Common poker knowledge states that you should be raising 3xBB +1BB for every limper. Why? Well, because someone at 2+2 said so. As a default, it's not a bad idea. It works because it gives the limpers/blinds (people you have position against) 2:1, decent odds to call your raise with worse, while giving worse odds to the players behind you who haven't put money into the pot yet. When stacks are realtively deep and you have no specific reads on the players, this is generally the best play. But there are reasons to change it up.
That guy calls everything!
If someone limps in front of you and has shown that he's never folding here, raise more with your premium hands. Against players like this, I'll keep raising an extra BB more until they fold. Then you know where their limit is, and you can raise it every time with your best hands. Think they're going to adjust and start folding? They're not. And if by some miracle of fishdom that they do adjust, you can readjust and make it a little smaller. These guys love to see flops... make them pay the maximum when you have it.
Damn these blinds.
Being on the button provides a few different reasons to change up your raise sizing, most of which suggest betting smaller than normal. If the blinds are really nitty (tight), raising smaller will make your steals cheaper and get more calls when you have good hands. Playing hands in position is a goal in and of itself, and raising smaller will help you to do it more.
If the blinds are aggressive, raising smaller allows you to lose less when they 3bet you, making their 3bets less profitable and your steal attempts more profitable. 'Nuff said. And if they're fish who call anything, follow the first point. Raise big if they're going to call alot.

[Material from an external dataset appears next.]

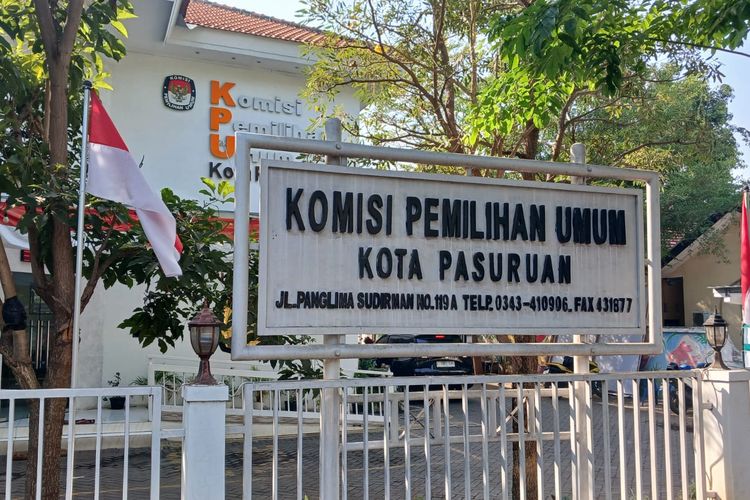 Kantor KPU Kota Pasuruan di Jalan Panglima Sudirman No. 119 A Kota Pasuruan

Especially in tournaments, sometimes stack size just isn't right for raising the standard. Situation: you're in a deepstacked tournament during the first level and you're dealt AA in middle position. Everyon folds to you. How much do you raise? I would recommend larger than normal. When you raise to a normal amount with huge stacks, you're going to get tons of calls from small pairs and suited connectors. When they call, you've got a problem: you're not getting money in the pot unless they hit their hand or you see an unlikely set over set. It's a situation where you can lose a lot or win a little. When you raise big, you'll get action from the hands that will pay off when they're second best: big pairs and AK.
When effective stacks (the size of the smallest stack in the hand) are small, raising standard sizes puts way too much in the pot and could commit you. You can get smaller stacks to fold for less money, and more calls when you have a big hand with enough money in the pot to get it all in by the river. A good player's biggest advantage comes postflop, not preflop, and the more money in the pot, the smaller that advantage will be.
Throw your antes on the stage.
In the later stages of a tournament with big blinds and antes, stealing becomes more important than anything else. If you don't do it enough, your stack is crippled. If you do it too much, you're out. Betsizing can help.
If your stack is small (M of 5 or less, or about 10bb, your only real options are push and fold. The reason is that, if you raise, you're committed. So you might as well use your whole stack as leverage and win the blinds and antes as often as possible. If your stack gets much smaller, you lose your fold equity, which is pretty much the lifeblood of a tournament player, so you want to be stealing a little more often. But that's a topic for later.
If you have a comfortable stack, raising big is often a mistake. If there are no limpers, 2-2.5x performs the same function. Chips are valuable in the ante stages, and good players will want to use them to maximize fold equity, not call and miss the flop 65% of the time. Because everyone is stealing more and there's fold equity to be had, lots of re-stealing (3betting) happens in these stages (though not enough at small stakes). When you raise smaller, you minimize your losses when this happens, saving those oh-so-valuable chips.
Getting some definition.
Raise size can be messed around with based on stack sizes, player considerations, and game situations. It should also be heavily affected by SPR, but that's a complicated topic better explained by Ed Miller. Don't fall into the trap of raising the same amount no matter what. Be creative, but have a reason when you pick a size.